Last summer England joined Scotland and much of Europe when the long-heralded law banning smoking in public places finally came into effect. We would have preferred a ban that was driven by the market, rather than by legislative diktat: one that pubs and clubs – say – would choose to impose because they attracted more custom that way, rather than because the Government told them to.
In the event, though, the move seemed to chime with the public mood. The prohibition has been widely observed, with relatively few businesses complaining that profits have declined. Smoking is reported to be down sharply, which should be good for the nation's health.
Then last autumn, in an effort designed specifically to cut the number of young smokers, the legal minimum age for buying tobacco was increased from 16 to 18. Bringing the law on tobacco into line with that for alcohol seemed an entirely sensible move. And again, aside from a few predictable grumbles, the change seemed to be quickly accepted.
Now, though, the Government – in the person of the minister for public health, Dawn Primarolo – seems to be pressing its case too far. Among the new measures she is considering to discourage young smokers is a requirement that shops remove cigarettes and tobacco products from view. Shops would have to sell tobacco literally under the counter.
The thinking is that invisibility would reduce the temptation: out of sight and out of mind. We wonder, though, whether it might not rather introduce an additional element of desirability, as cigarettes came to be seen even more as forbidden fruit. By all means require cigarettes to be kept beyond reach behind the counter – they are mostly there already. Having to ask for them may make the purchaser think twice and gives the sales assistant time to verify ID if necessary.

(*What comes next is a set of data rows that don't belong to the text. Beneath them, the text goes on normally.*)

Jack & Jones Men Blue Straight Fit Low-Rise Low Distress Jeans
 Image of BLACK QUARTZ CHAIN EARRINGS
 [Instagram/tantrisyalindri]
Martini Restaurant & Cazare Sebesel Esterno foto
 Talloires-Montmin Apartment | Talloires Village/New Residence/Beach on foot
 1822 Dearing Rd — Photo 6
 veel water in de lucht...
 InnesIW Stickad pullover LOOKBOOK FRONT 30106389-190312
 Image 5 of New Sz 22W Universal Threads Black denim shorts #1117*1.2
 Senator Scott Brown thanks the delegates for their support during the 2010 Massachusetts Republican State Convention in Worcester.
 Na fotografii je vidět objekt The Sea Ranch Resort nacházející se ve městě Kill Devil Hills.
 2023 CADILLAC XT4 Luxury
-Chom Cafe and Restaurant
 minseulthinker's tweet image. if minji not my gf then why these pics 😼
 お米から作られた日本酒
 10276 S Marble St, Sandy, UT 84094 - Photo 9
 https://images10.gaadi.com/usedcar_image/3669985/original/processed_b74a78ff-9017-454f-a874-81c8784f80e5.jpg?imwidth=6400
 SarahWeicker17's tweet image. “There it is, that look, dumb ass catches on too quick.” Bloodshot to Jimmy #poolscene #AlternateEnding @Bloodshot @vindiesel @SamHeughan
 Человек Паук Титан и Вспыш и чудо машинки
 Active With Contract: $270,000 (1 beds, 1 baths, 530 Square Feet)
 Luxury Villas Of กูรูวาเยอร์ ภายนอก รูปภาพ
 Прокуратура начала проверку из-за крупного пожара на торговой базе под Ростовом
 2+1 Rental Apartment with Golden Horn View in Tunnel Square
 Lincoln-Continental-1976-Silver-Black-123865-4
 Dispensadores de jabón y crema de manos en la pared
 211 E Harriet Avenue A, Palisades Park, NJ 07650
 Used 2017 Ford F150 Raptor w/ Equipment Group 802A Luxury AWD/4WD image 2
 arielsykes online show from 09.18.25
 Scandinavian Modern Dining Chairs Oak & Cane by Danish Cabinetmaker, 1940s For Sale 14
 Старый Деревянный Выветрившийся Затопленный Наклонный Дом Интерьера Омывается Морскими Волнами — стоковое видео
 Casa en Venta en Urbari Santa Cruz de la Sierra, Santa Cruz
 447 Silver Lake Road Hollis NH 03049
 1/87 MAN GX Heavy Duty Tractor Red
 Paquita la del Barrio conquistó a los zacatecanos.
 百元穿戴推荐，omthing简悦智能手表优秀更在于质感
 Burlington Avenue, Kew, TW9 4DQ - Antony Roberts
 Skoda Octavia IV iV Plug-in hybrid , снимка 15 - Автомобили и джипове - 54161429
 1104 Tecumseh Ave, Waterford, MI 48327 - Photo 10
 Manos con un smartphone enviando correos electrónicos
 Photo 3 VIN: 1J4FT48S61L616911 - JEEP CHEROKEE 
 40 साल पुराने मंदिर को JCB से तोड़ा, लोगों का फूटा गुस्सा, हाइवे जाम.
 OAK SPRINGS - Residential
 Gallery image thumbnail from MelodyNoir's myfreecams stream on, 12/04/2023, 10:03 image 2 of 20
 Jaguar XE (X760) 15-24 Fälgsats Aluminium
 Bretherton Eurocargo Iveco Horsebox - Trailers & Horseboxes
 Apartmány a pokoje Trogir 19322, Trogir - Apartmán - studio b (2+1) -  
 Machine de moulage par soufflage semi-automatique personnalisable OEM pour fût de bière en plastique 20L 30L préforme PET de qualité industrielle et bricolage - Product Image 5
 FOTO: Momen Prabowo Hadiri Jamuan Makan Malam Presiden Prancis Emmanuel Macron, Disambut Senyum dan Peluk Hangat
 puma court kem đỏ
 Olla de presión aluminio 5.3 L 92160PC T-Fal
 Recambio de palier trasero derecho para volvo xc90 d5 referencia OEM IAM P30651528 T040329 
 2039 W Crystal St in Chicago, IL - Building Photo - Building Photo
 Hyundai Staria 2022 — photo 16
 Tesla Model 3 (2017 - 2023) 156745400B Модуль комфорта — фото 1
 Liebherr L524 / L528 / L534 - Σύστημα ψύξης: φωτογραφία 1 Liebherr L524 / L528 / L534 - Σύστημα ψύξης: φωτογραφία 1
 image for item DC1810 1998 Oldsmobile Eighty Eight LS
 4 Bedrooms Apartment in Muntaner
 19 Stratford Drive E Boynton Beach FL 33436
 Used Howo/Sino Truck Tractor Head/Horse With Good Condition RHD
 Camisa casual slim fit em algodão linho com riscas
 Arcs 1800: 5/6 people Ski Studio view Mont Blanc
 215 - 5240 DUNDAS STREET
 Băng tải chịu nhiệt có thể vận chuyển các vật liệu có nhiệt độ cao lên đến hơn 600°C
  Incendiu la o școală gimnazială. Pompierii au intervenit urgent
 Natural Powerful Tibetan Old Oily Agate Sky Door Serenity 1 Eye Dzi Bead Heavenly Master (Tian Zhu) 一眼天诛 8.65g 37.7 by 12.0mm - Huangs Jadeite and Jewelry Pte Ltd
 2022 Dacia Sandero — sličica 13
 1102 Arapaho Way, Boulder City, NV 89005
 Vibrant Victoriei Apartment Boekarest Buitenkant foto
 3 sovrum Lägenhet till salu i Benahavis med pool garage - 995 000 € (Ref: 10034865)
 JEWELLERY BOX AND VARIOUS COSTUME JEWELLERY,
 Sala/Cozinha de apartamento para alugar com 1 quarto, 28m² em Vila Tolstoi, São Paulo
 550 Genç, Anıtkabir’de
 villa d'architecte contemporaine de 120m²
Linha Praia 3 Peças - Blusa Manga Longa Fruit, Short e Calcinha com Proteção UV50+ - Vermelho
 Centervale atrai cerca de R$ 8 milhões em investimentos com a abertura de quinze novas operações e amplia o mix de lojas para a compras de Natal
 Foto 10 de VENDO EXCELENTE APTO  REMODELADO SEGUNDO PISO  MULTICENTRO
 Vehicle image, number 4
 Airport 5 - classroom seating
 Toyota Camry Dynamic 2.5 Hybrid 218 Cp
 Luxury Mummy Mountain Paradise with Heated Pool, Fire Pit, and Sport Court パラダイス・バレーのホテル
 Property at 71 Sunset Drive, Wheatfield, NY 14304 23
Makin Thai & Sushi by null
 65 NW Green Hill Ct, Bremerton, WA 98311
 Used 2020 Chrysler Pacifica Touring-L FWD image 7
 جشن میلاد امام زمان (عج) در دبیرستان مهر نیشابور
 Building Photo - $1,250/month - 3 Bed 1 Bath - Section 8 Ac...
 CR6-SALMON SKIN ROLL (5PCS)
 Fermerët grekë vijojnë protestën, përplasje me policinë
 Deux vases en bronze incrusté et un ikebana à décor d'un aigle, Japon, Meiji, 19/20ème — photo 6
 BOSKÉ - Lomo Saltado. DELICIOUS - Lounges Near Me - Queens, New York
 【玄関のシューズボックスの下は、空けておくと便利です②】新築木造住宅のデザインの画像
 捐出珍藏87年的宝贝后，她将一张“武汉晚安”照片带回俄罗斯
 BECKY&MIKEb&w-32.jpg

So long as tobacco – and, for that matter, alcohol – are legal, however, it is ridiculous to suggest that there should be a ban on displaying them. Temptation and choice are integral to marketing and consumption in the modern world. Coping with that is part of being an adult.
If there is any tightening up to be done, it is in enforcing the existing age restriction on buyers, whether of cigarettes or alcohol. Shopkeepers caught selling to minors – either because they are careless or feel intimidated – should be subject to the full force of the law. Selling cigarettes and tobacco under the counter would be every bit as reprehensible as it sounds.